Ma oggi, con quel surrogato di esproprio proletario ordito ai danni della famiglia Benetton e della controllata Atlantia, già condannati senza processo dall’avvocato del popolo, Giuseppe Conte, per il crollo del Ponte Morandi, si compie un altro, significativo passo per ripristinare nella sostanza la famosa e, per molti versi, famigerata Iri. E poco importa se artefice diretto di questa ardita operazione non sarà l’Esecutivo, eventualmente attraverso un ministero esistente o uno creato appositamente ad hoc. Con l’arrivo prepotente di Cassa Depositi e Prestiti, la quale come è noto gestisce l’enorme risparmio postale, la mano pubblica entra in prima persona nel controllo del principale ganglio vitale del trasporto nazionale.

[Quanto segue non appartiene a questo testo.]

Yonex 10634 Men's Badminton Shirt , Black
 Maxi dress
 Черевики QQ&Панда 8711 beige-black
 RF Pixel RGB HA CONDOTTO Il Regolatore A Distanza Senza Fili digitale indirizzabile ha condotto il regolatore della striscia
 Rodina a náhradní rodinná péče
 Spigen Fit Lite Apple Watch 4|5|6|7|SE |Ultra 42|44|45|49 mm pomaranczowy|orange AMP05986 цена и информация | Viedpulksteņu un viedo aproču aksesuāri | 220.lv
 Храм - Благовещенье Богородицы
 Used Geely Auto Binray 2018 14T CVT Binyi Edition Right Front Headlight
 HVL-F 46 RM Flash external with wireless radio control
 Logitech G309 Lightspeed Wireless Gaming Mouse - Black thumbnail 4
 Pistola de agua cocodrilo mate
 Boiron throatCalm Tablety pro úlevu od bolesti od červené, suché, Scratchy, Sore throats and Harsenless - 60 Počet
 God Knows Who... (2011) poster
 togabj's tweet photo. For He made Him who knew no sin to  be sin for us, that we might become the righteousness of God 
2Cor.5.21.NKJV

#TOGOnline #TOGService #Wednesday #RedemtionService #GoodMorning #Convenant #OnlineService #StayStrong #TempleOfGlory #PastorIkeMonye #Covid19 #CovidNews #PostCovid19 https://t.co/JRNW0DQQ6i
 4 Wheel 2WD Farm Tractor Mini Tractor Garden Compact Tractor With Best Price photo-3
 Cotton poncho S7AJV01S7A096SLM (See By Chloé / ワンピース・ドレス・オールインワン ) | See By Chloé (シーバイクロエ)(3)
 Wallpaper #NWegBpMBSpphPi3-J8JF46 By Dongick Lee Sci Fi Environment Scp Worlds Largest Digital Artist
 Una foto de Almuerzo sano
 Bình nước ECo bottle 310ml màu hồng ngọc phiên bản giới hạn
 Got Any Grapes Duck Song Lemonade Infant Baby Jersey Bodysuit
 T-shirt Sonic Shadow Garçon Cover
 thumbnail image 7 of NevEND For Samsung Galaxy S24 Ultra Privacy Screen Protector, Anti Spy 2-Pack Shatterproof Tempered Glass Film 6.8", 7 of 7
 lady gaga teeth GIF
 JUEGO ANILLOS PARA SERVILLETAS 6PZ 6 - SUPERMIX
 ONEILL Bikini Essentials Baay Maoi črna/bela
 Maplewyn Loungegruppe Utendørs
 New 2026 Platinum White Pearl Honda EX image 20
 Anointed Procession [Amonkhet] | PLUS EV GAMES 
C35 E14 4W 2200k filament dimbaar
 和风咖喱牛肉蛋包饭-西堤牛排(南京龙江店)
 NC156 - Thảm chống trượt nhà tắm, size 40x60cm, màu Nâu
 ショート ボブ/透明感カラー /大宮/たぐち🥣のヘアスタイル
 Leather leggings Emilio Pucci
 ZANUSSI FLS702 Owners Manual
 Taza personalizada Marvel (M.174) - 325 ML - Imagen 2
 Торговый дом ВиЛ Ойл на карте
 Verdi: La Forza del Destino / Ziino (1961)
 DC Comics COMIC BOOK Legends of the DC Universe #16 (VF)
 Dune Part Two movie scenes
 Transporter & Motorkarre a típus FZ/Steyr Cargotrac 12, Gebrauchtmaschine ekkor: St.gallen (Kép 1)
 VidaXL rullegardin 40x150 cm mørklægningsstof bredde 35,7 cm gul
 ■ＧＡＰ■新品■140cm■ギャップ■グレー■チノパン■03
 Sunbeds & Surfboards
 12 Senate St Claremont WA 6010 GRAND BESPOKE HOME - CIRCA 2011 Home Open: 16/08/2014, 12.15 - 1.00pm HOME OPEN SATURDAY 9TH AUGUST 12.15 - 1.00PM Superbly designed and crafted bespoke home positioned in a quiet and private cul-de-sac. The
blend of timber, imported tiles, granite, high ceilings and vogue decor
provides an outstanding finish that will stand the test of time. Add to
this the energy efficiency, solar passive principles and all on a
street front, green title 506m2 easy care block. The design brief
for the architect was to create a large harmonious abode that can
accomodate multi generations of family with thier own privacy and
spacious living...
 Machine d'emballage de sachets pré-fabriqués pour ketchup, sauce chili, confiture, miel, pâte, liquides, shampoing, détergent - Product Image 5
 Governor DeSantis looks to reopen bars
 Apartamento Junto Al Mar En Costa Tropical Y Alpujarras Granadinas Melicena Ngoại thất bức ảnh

Difatti, considerando che l’85 per cento delle merci in Italia viaggiano su gomma, sapere che lo Stato ha ripreso pieno possesso delle più importanti autostrade del Paese non mi sembra una notizia molto rassicurante.

D’altro canto, se la cura per le evidenti distorsioni che hanno fin qui caratterizzato il sistema opaco delle concessioni è quella della nazionalizzazione strisciante, il rischio concreto è quello di cadere in modo assai repentino dalla padella alla brace.

Soprattutto dopo aver osservato attentamente il modo quasi sempre catastrofico con cui il Movimento 5 Stelle ha portato avanti i più importanti dossier economici di questi ultimi due anni, di questo passo ciò che resta di una idea concorrenziale di mercato in questo disgraziatissimo Paese è destinata rapidamente ad estinguersi, al pari delle nostre residue speranze di evitare un fallimento di sistema sempre più irreversibile.